NASCAR will formally announce the sale Wednesday morning at 10 a.m. The details of new sports car series, which should start racing in 2014, will also be announced.

Both premier series—Grand Am’s Rolex series and the ALMS—have been struggling financially. Grand Am survives because of NASCAR subsidies, and ALMS has been steadily declining in profitability. Rolex had better TV numbers (due to NASCARs’ purchase of time on Speed-TV) while ALMS had more fans but did not have a live TV presence after 2010.

The hope is that the purchase will bring together all sports car fans, teams, and sponsors into a single profitable and popular series.

No firm details have been released, but several sources, including nationalspeedsportnews.com indicate that the new series will feature Grand Am’s Daytona Prototypes as the top class, with drastically slowed ALMS LMP2 prototypes included. ALMS’s GTE class will transfer unchanged, and Grand Am’s much slower GT class will be opened up to ballasted and restricted FIA GT3 cars and ALMS GTC Porsches.
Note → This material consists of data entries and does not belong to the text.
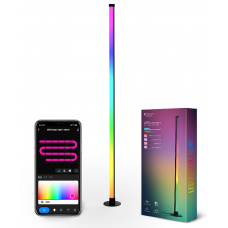 LED svietidlo, stojacia lampa, 135 cm, s diaľkovým ovládaním, RGB + IC (digitálne), reagujúca na hudbu, USB, WIFI/Infravermén, TUYA kompatibilná, LEDISSIMO AMBIENT LIGHT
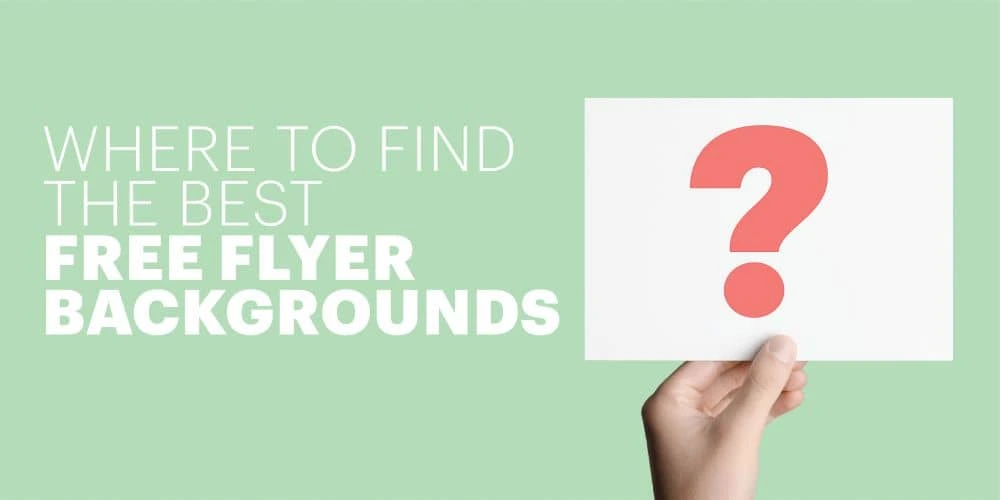 Where to find the best free flyer backgrounds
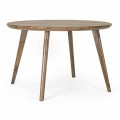 Homemotion Ronde eettafel met mangohouten blad - Rondolo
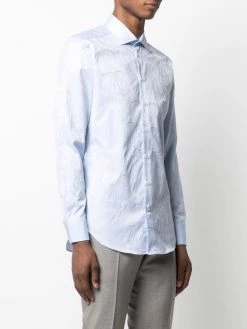 ETRO chemise en popeline à imprimé cachemire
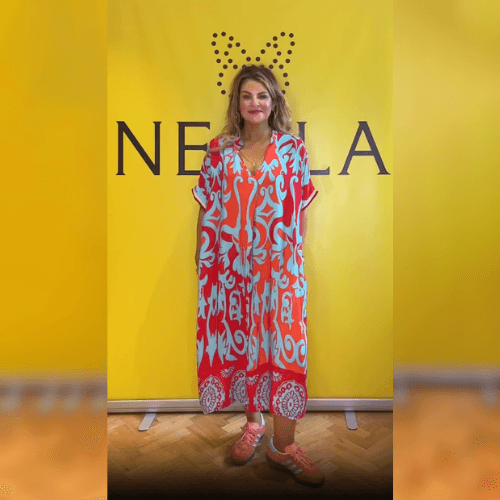 Mila™ - Elegant Floral Dress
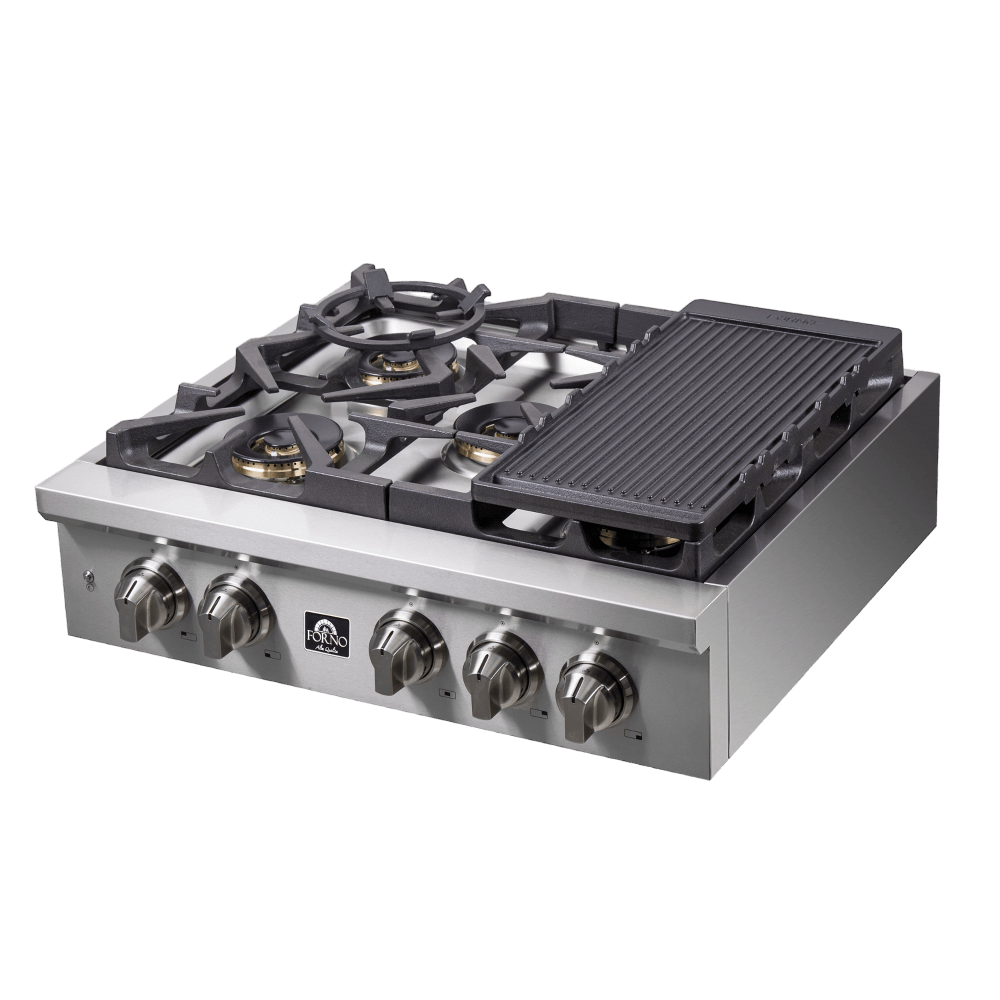 FORNO Spezia Alta Qualita 30"Pro-Style Gas Rangetop - Image 7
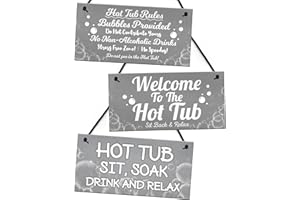 Red Ocean Hot Tub Rules Sign For Outside Grey Colour Scheme Hot Tub Signs For Garden Shed Summerhouse Home Decor Hot Tub Accessories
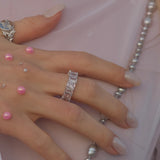 Pale Pink Eternity Band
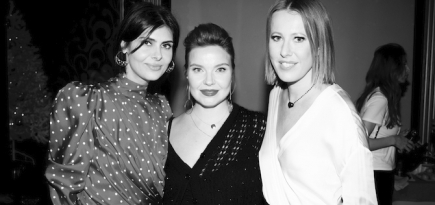 Ксения Собчак, Надежда Оболенцева и другие гости новогоднего коктейля J-Point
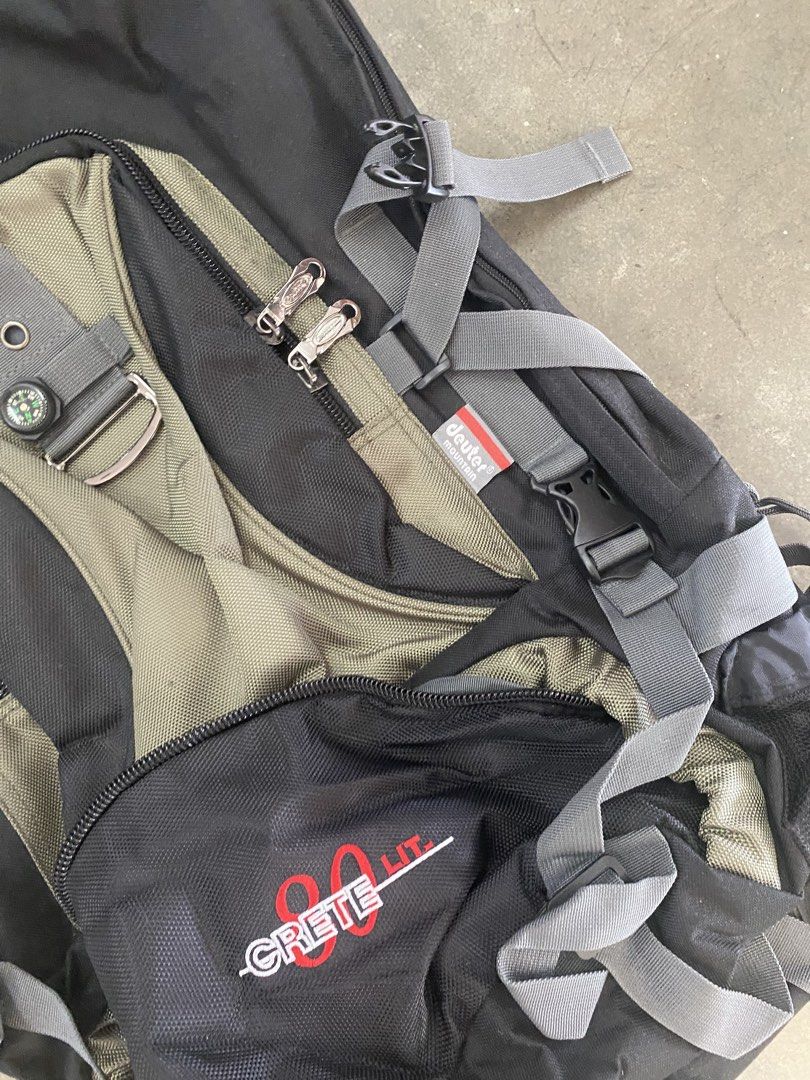 Deuter Crete 80L Backpack (Category: Backpacks) located in San Jose del Monte. Submitted by kidfromnclb (Listing ID 1429949311, Image 3). Description: BNEW CONDI 80 Liters backpack NO ISSUE ALL ZIPPERS WORKING.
This class structure is designed to keep the DP class, which has about ten participants, plus the four or so P2 teams, along with the ALMS GTE class which provides what is generally considered the best road-racing on the planet right now, while still retaining the two dozen or so Grand Am GT teams and allowing others to join.

The deal reportedly includes the rights to the ALMS and IMSA names, all of ALMS founder Dr. Don Panoz’s hotel properties, and the rights to the lease of Sebring International Raceway and outright ownership of the Road Atlanta track.

One of the prime points of interest is whether or not the new series will conform to international sports car specifications. One of the big draws of ALMS was that its cars met the ACO rules for participation at the Le Mans 24-hour race. This meant ALMS teams could race in the world’s most important sports car race, and that cars from other ACO series could race in ALMS events.

For years the Sebring 12-Hour and Petit le Mans ten-hour races attracted the biggest international teams, and therefore attracted huge hordes of fans, while some teams stayed in ALMS because it gave them the opportunity to race at Le Mans, which is essentially the Super Bowl of sports car racing.

Best information seems to be that the international connection will be abandoned when the current contract ends after 2013.

While all this is based on nothing but leaks from insiders who are unwilling to disclose much before the official announcement, some things are certain: ALMS will be absorbed into the Grand Am Rolex series in 2014, and the fastest ALMS classes will be eliminated or drastically slowed to fit into the new framework, and the new series will operate strictly in North America to its own rules, unrelated to the worldwide sports car community.

Some insiders speculate that an entirely new fastest class will be created in 2015, to replace the DP and P2 cars which will then be at least three years old. This new class might be defined in conjunction with the ACO/FIA international rules, but at this point that is pure—though hopeful—speculation.